RANCH TALES: Taming the wild

During early 20th century, cowboys tame wild horses to meet increasing demand

During the early years of the 20th century, B.C. experienced a tremendous population growth and newcomers to the province moved into all the areas that could possibly be used for farming.

The increasing number of farms and ranches sparked a demand for horses and prices reflected the growing value for good stock. For many of the young cowboys, the wild horses found in the remote areas of the interior looked like easy money to be made during slack time at the ranches. The horses were considered fair game and, as long as they did not carry anyone’s brand, they were “slick ears,” a name more properly referring to calves with no earmark or brand.

However, it was not a task for an amateur. Catching wild horses in the rough backcountry required a sure-footed saddle horse, knowledge of the terrain and a combination of determination and luck.

The South Okanagan was home to large bands of wild horses. As early as 1833, David Douglas had referred to the “River of Wild Horses” in the South Okanagan.

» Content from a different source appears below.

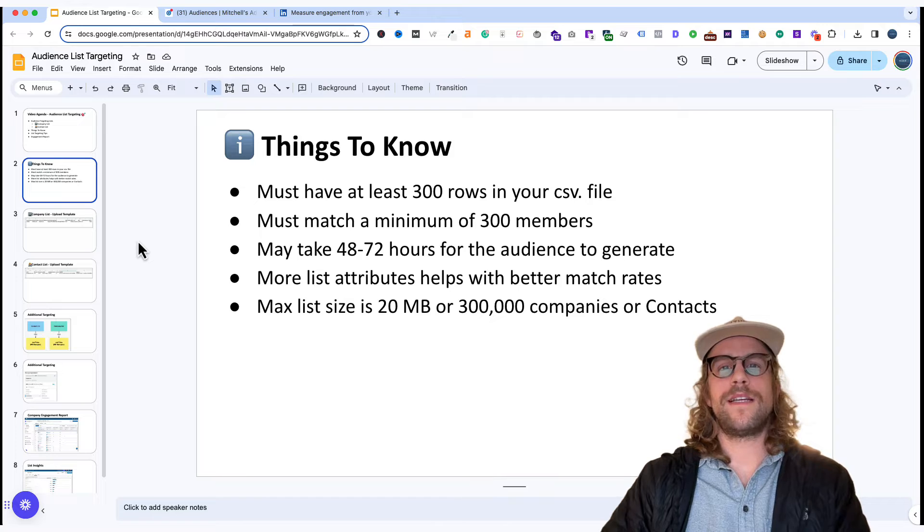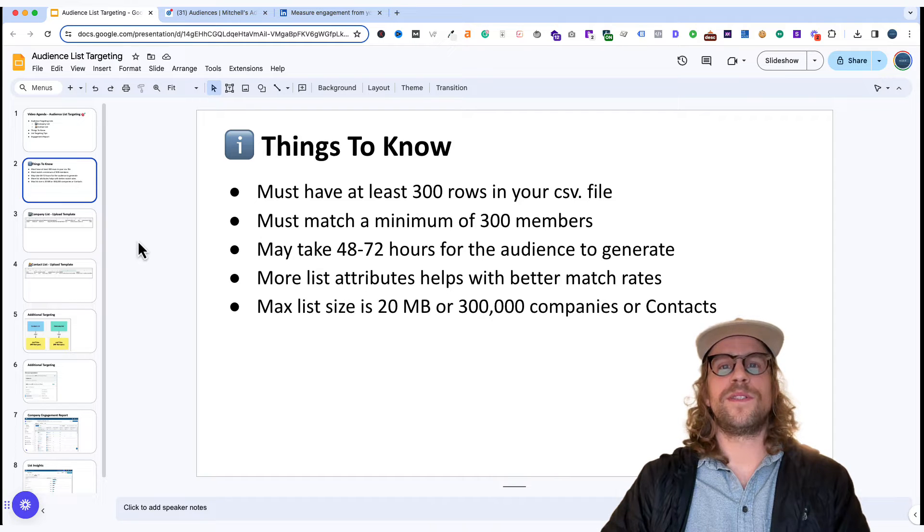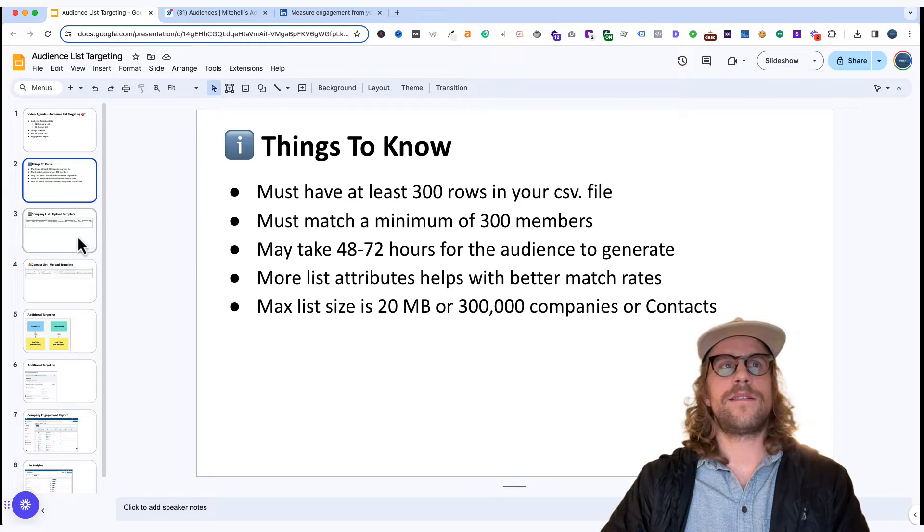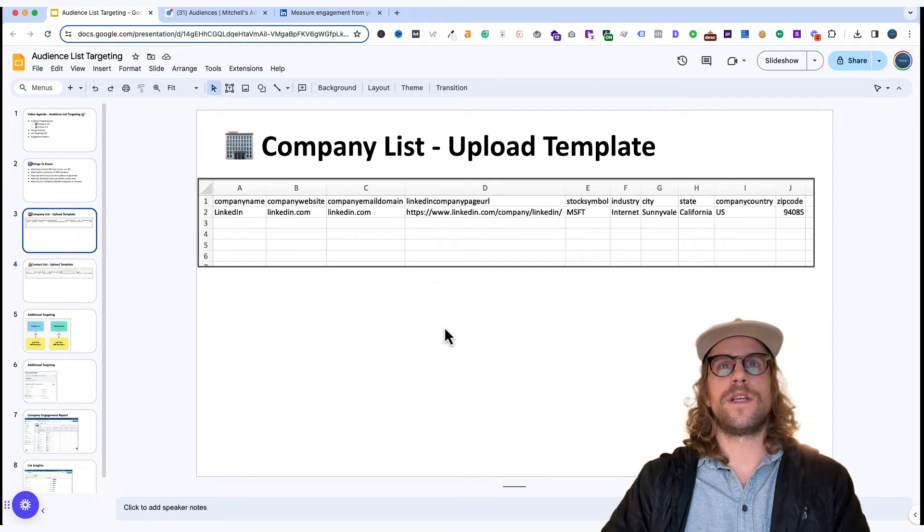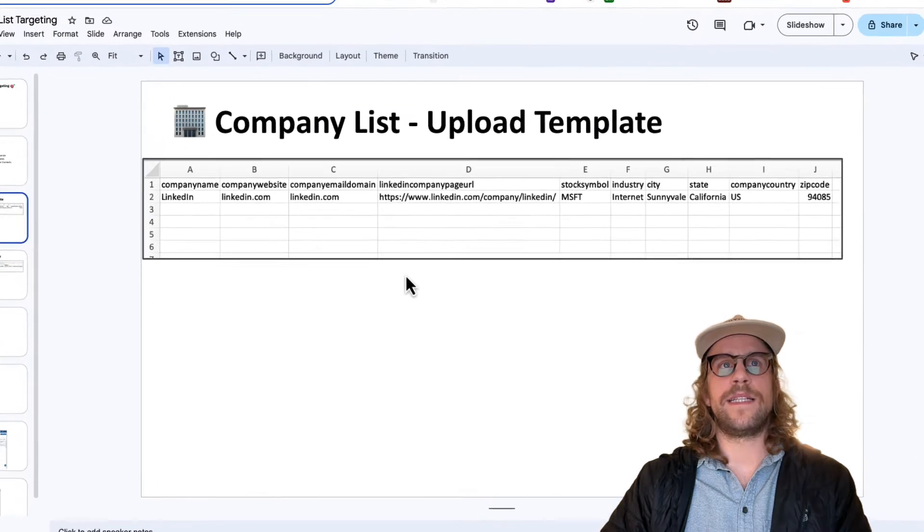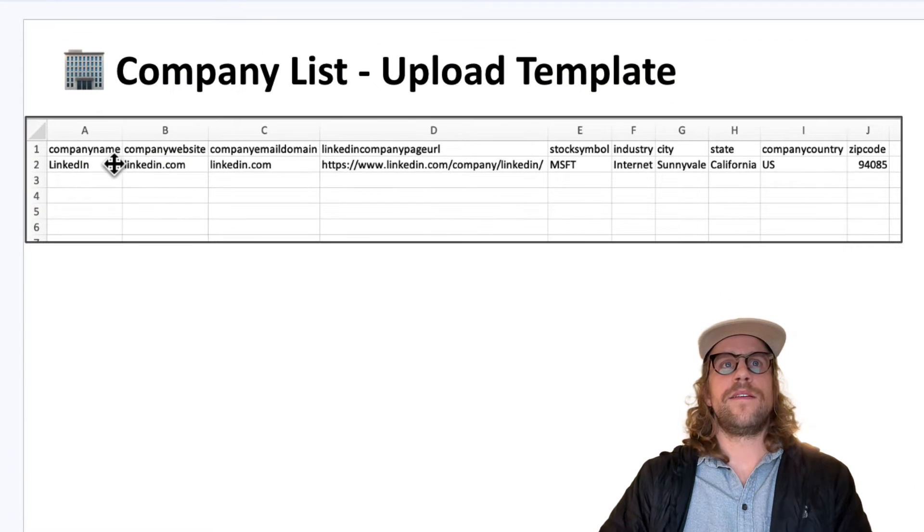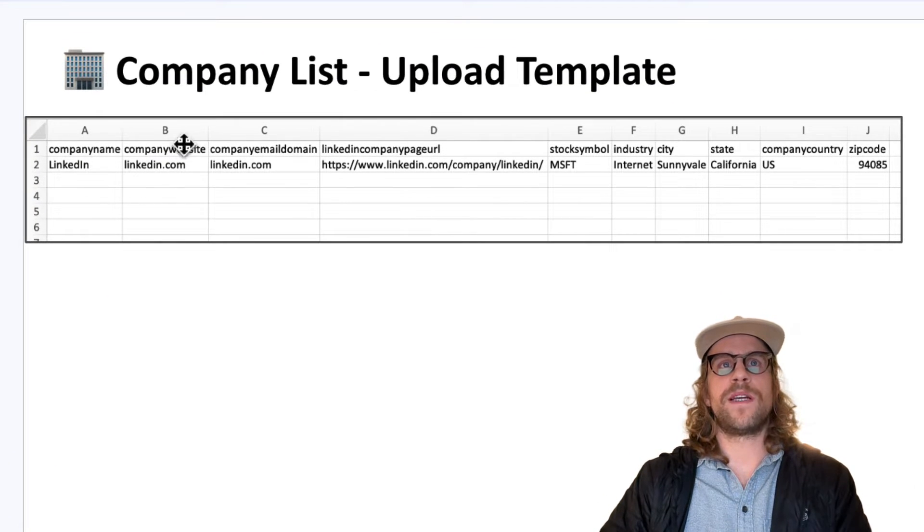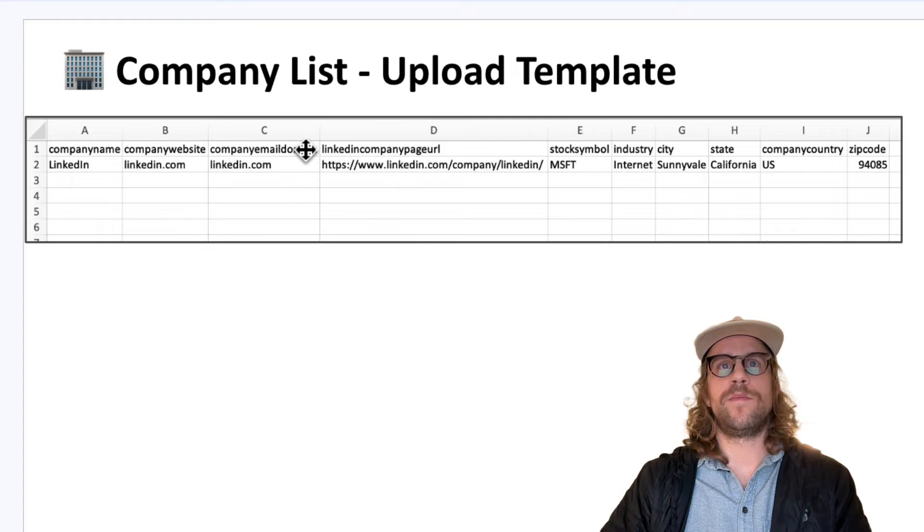So let's take a look at the upload templates for the company and contact list. For the company list here's the upload template that's provided by LinkedIn. You can see the headers here are company name, company website, company mail domain,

He probably meant the Marron River as the term “marron” comes from the French meaning “feral or wild.” Wild horses roamed the area from Marron Lake past Aeneas Lake on both sides of the valley. The country provided excellent bunchgrass range as well as watering holes and salt licks for them. Many of them were fine horses, descended from stock that had escaped from immigrants or local ranches.

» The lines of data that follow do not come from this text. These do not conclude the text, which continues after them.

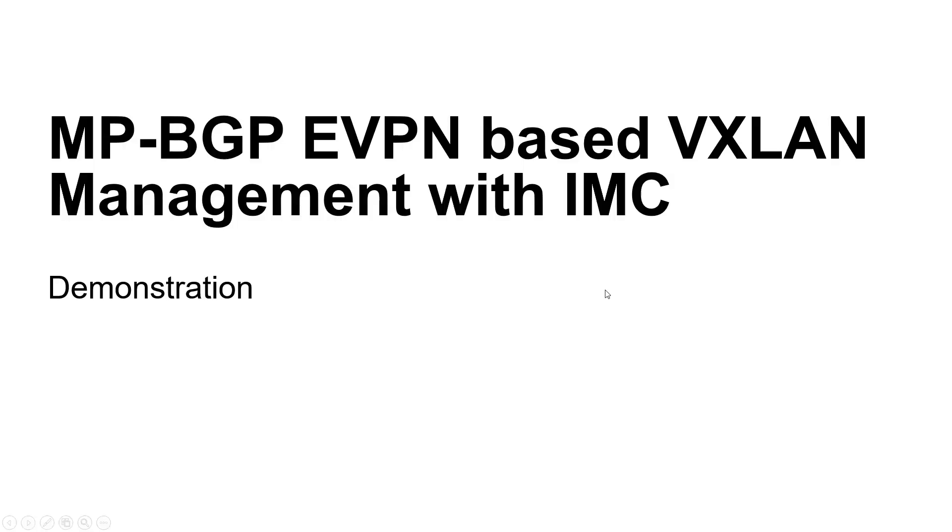Hello, welcome to this series of videos in which we are going to demonstrate how to configure eVPN-based VXLAN with IMC.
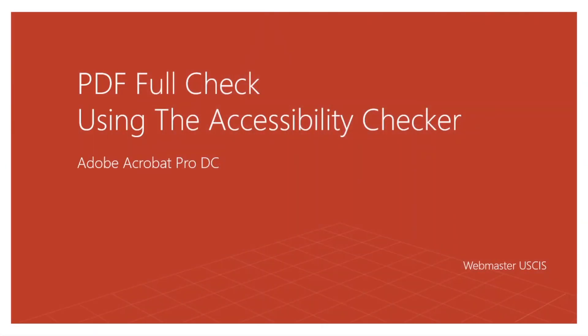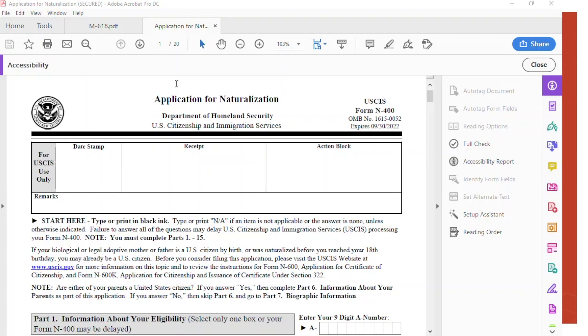Hello, the webmaster here. Let me show you how to do a full check for 508 compliance using Adobe Acrobat Pro DC. This is the N-400 form for naturalization.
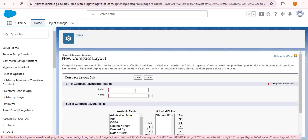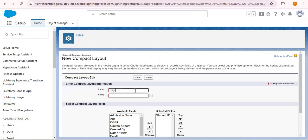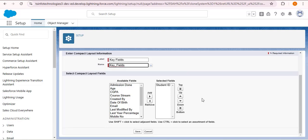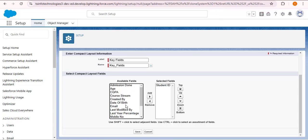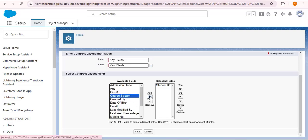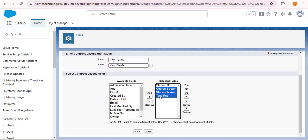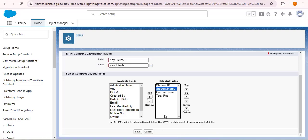Click the clone button and provide a label — here I'm providing 'Key Fields'. The name will automatically populate. Now we need to select the fields we want to display at the top of the record detail page. I'm selecting student name, then total fees — to select multiple fields press the Control key — and also course stream. Then click the Add button. Course stream, student name, and total fees have been successfully added. I'm arranging them: student name, then course stream, then total fee. Click Save.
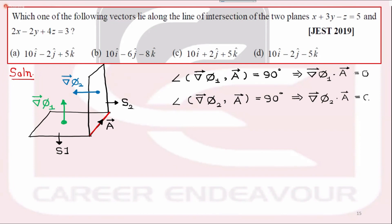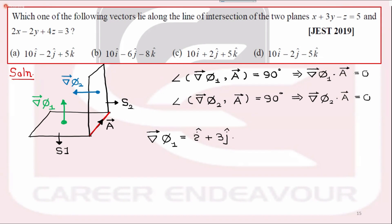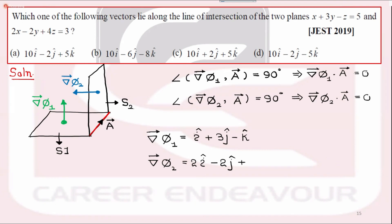You have to calculate vector A now. What do you do? The two planes are given — find grad φ₁ and grad φ₂. Calculate: grad φ₁ is i cap minus 2j cap plus 4k cap. Grad φ₂: calculate 2i cap minus 2j cap plus 4k cap.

Further south, at Kruger Mountain, there were hundreds of wild horses in the years before the First World War.

At Tule Lake on Kruger Mountain, there was a huge corral, built from good-sized logs with wings extending half a mile in each direction to funnel the horses into the corral. Springtime, just after the snow had melted, was the accepted time for wild horse round-ups before the tough little animals recovered their strength after pawing through snow for their feed all winter.

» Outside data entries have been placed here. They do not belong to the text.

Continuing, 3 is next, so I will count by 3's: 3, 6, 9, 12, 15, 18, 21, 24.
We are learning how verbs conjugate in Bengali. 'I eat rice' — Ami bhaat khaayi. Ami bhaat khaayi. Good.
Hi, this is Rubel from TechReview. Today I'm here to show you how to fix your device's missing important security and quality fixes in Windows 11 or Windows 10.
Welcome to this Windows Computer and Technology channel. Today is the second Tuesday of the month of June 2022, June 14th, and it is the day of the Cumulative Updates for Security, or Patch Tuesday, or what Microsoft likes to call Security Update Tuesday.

Mounted on sure-footed cow ponies that had been well fed all winter, the cowboys tried to run the wild horses into the large log corral.

Wild horses also abounded east of the Okanagan Valley along the Dewdney Trail in the Kettle Valley. The McMynn family ranched in the Midway area and frequently hunted wild horses. One particular band was led by an escaped stallion that, unlike the small, stocky wild horses, stood 16 hands high and weighed about 1,200 pounds.

Every attempt to corral this magnificent stallion had failed. Each summer, Billy and Jim McMynn organized a horse hunt and, on one occasion, managed to corral the stallion, whose vision was so obscured by dust that he did not see the corral. He was trapped along with about 200 head of wild horses. The McMynns offered 20 head of horses to anyone who could break the stallion so Arthur Kean and his brother, Albert, thought they would give it a try.

They drove him into a small corral. There they roped his forefeet and tumbled him to tie him down then saddle him. Arthur Kean mounted him and went for the ride of his life.

The stallion bucked and reared and turned his head to try and bite Kean’s feet, but he stayed on, with his brother herding the horse to keep him from hitting the corral fence. That first ride lasted about an hour and a half before the exhausted horse and rider called it quits.

Several months later the stallion was fully broken and turned out to be a superb saddle horse.

Ken Mather is curator emeritus at O’Keefe Ranch and a Spallumcheen-based author.